*** Task data ***

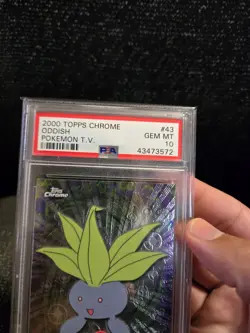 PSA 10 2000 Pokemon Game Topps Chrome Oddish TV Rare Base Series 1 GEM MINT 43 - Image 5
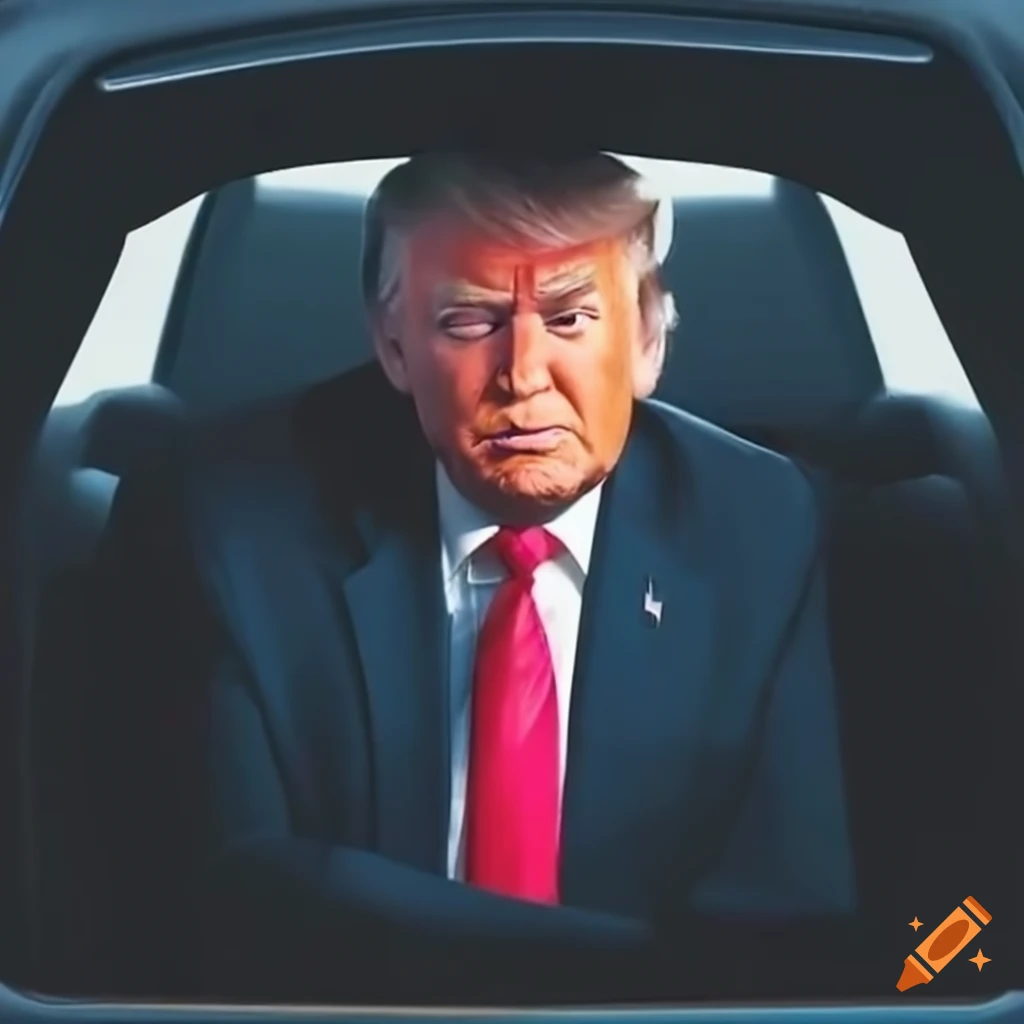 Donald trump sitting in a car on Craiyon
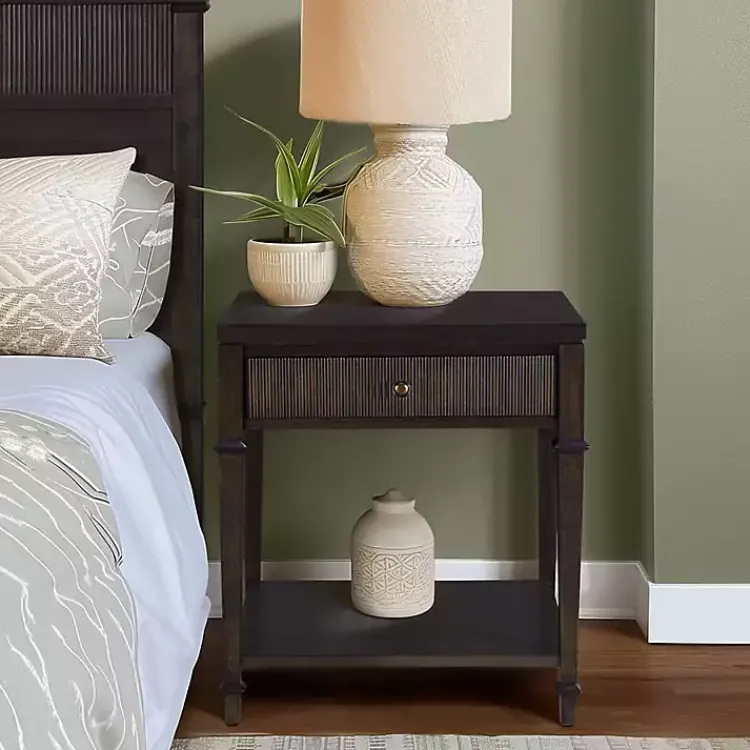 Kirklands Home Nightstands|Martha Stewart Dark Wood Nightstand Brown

*** End of Task data ***
*** Task data ***

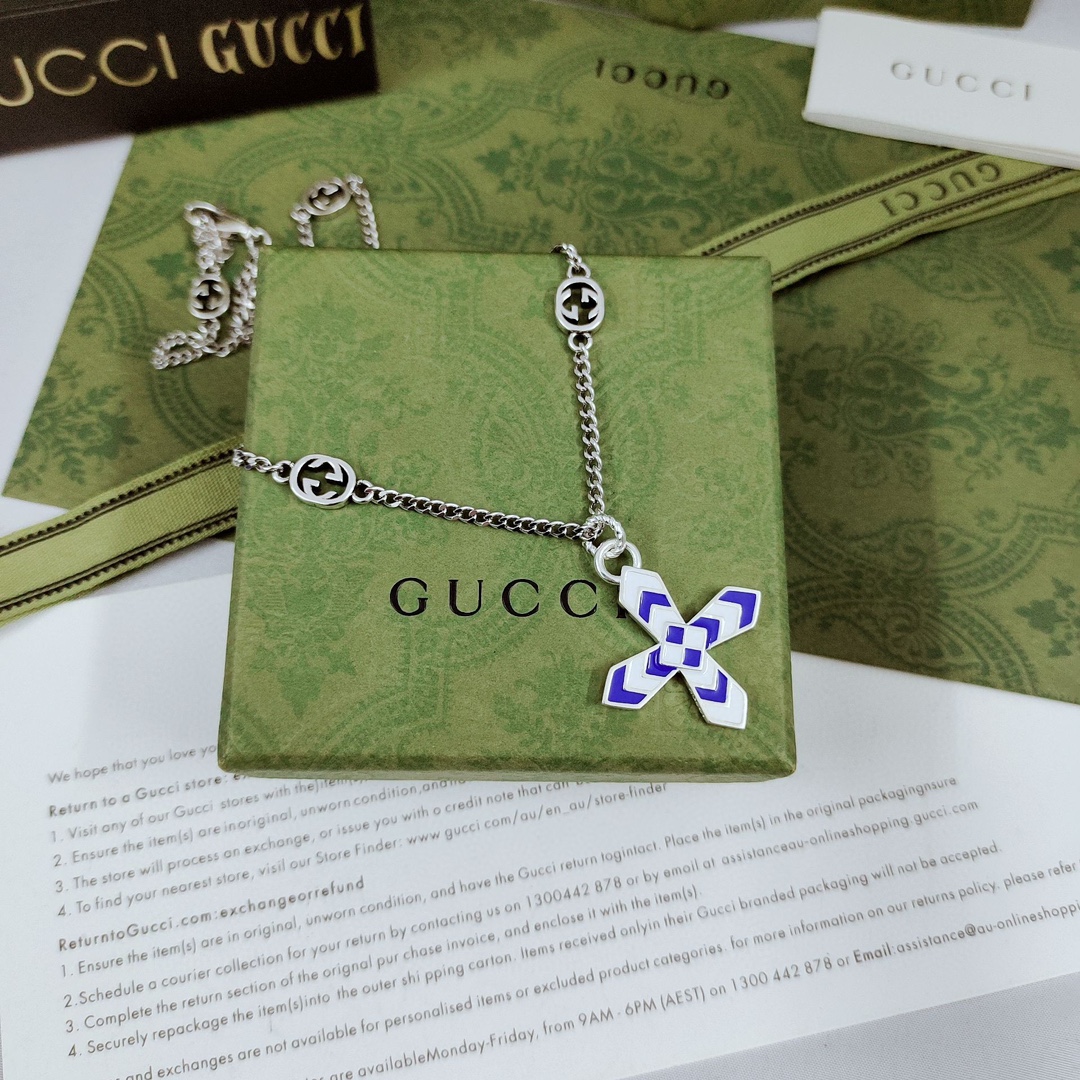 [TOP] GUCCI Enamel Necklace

*** End of Task data ***

**Task prompt:**
Leave the pictures out, and transcribe exactly the lines above starting at the one that contains "PSA 10 2000" and ending at the one that contains "Kirklands Home Nightstands|Martha".

**Finished exercise:**
 PSA 10 2000 Pokemon Game Topps Chrome Oddish TV Rare Base Series 1 GEM MINT 43 - Image 5
 Donald trump sitting in a car on Craiyon
 Kirklands Home Nightstands|Martha Stewart Dark Wood Nightstand Brown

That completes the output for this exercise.